─── Data section ───

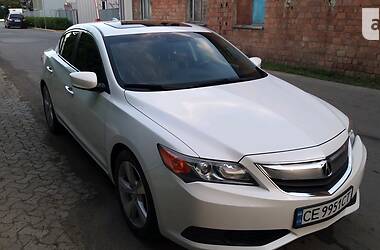 Седан Acura ILX 2014 в 
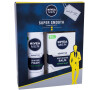 Balzám po holení Nivea Men Sensitive, 100 ml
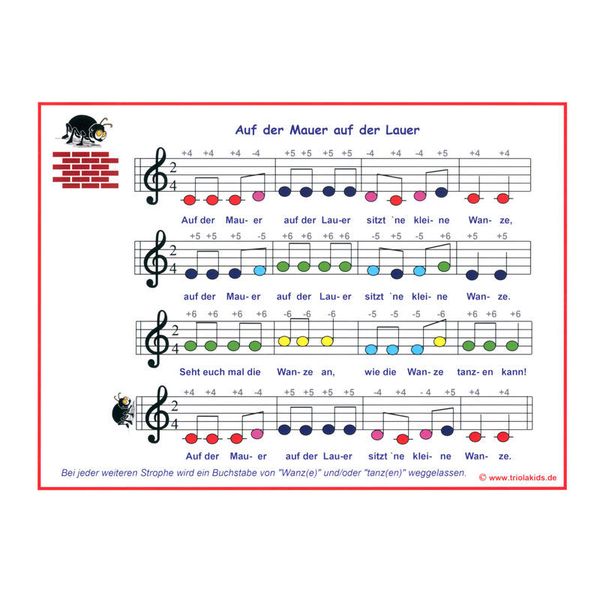 C.A. Seydel Söhne Triola Songs 4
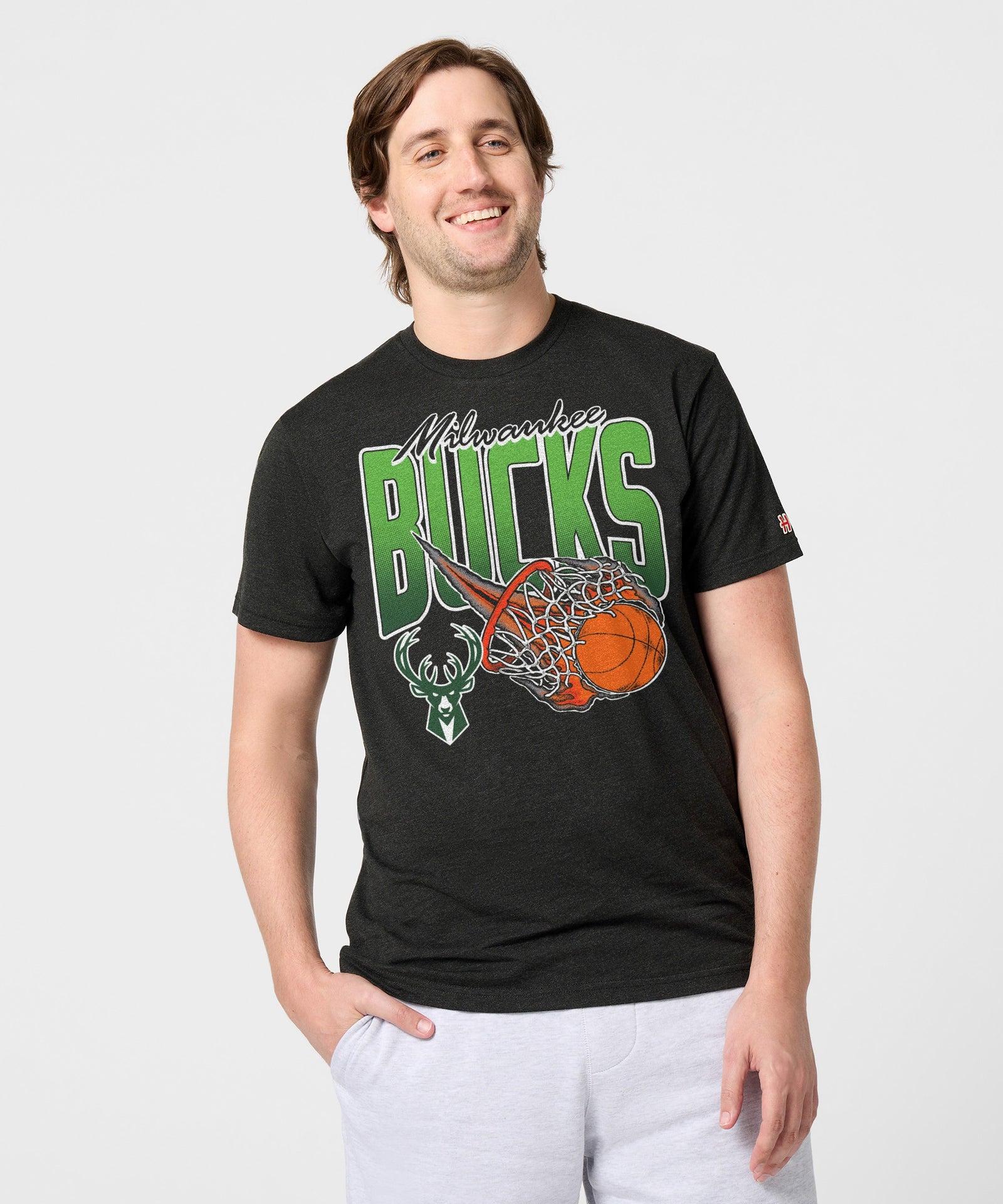 milwaukee bucks on fire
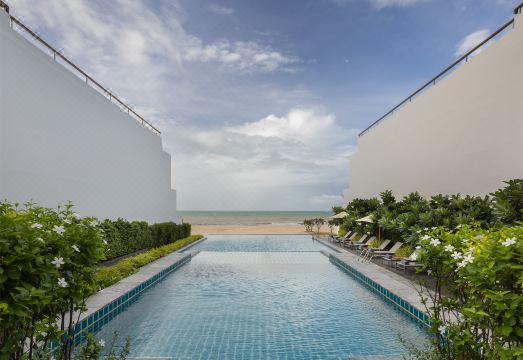 이스틴 리조트 라용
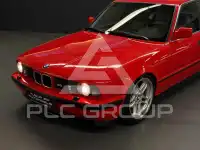 1989 BMW M5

───

### Your instructions:
Starting with the first entry and ending with the last, reproduce the listing exactly, without its pictures.

### Expected answer:
 Седан Acura ILX 2014 в 
 Balzám po holení Nivea Men Sensitive, 100 ml
 C.A. Seydel Söhne Triola Songs 4
 milwaukee bucks on fire
 이스틴 리조트 라용
 1989 BMW M5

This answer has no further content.